Beautiful Bobby Eaton vs. Terrance Taylor (w/ Alexandra York)
Bobby enters first and waves to the fans. He also shakes hands with Gary Cappetta, while Ross talks about how Eaton wants to face the winner of the TV Title Match. Then, Taylor enters with Alexandra York. Terrance is wearing a tuxedo with sparkly lapels. Taylor and York pose for some photos before Terrance takes off the tux and consults with York.

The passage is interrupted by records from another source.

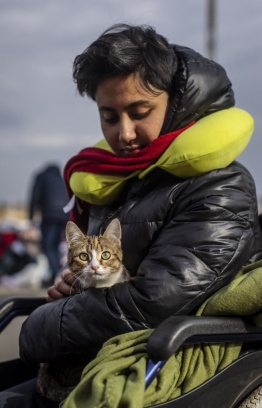 Shatabdi Sharma from India holds her cat as she and other refugees from many different countries - from Africa, Middle East and India - mostly students of Ukrainian universities  arrive at the Medyka pedestrian border crossing fleeing the conflict in Ukraine, in eastern Poland on February 27, 2022. - As Ukraine braces for a feared Russian invasion, its EU member neighbours are making preparations for a possible influx of hundreds of thousands or even millions of refugees fleeing military action. (Photo by Wojtek RADWANSKI / AFP)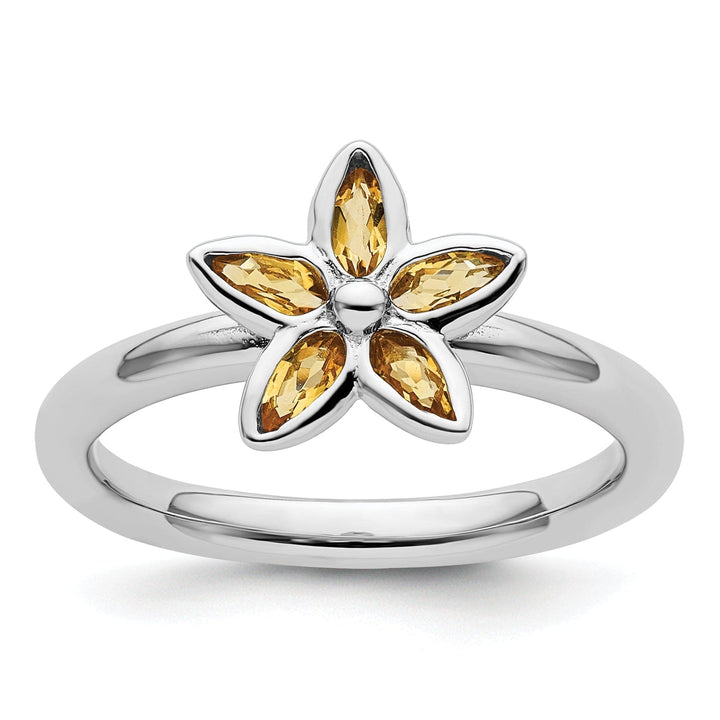 Stackable Expressions Ring Size 5 Sterling Silver Citrine Flower Ring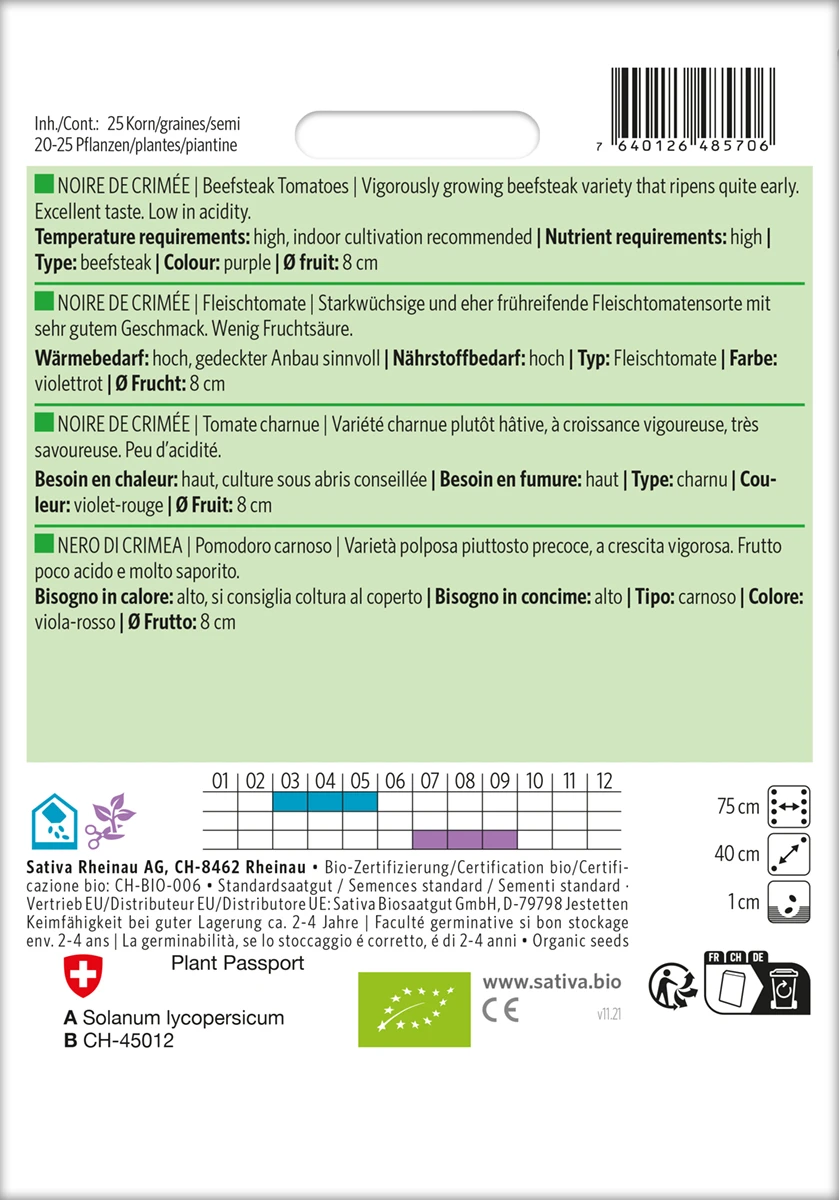 Fleischtomate Noire De Crimée | BIO Fleischtomatensamen Von Sativa Rheinau 2 Fleischtomate Noire De Crimée | BIO Fleischtomatensamen Von Sativa Rheinau – Bild 2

Taylor tries to frustrate Eaton early with some arm drags and slaps, but Bobby fires back with his own arm drags and a clothesline. Taylor regroups on the outside and gets some data from Alexandra before returning. They trade punches and fight to the floor, where Taylor whips Eaton into the guardrail. However, Eaton back drops Taylor over it and punches him in the face. They head back inside and it’s Eaton’s turn to frustrate Taylor with some hammerlocks until Taylor hits a jawbreaker. He then sends Bobby to the ramp, but Eaton hits an atomic drop and goes to the top rope. Eaton hits a flying splash onto the ramp and then punches Terrance over the ropes. Taylor responds by throwing Eaton to the floor and sending him into the guardrail from the apron. He then uses the opening to get more data from Alexandra. Eaton returns and they fight to the ramp again, but this time, Taylor hits a gut-wrench powerbomb. Eaton crawls back into the ring, where Taylor hits a flying splash and begins wearing down Bobby with holds. Eaton tries to fight back and hits a springboard sunset flip, but Taylor is soon wearing him down again. Eventually, both men counter splash attempts by raising their knees and Eaton finally takes control. He hits a suplex and a swinging neckbreaker, while Taylor desperately tries to counter. Then, Eaton goes up top for the Alabama Jam, but Taylor crotches him. Terrance tries a superplex, but Eaton shoves him into the ring and then hits the Jam for the win.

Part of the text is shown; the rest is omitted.